- Data segment
——————

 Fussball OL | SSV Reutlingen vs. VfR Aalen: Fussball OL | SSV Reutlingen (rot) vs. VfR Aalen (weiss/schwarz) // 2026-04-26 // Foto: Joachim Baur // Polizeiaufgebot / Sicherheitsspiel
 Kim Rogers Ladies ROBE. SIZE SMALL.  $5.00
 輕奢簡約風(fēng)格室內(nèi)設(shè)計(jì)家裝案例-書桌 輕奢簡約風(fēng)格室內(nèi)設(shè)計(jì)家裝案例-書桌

——————

- Work task
Every line from the line containing "Kim Rogers Ladies" to the last line of the material above must be repeated exactly, and no other line.

- Solution for this problem
 Kim Rogers Ladies ROBE. SIZE SMALL.  $5.00
 輕奢簡約風(fēng)格室內(nèi)設(shè)計(jì)家裝案例-書桌 輕奢簡約風(fēng)格室內(nèi)設(shè)計(jì)家裝案例-書桌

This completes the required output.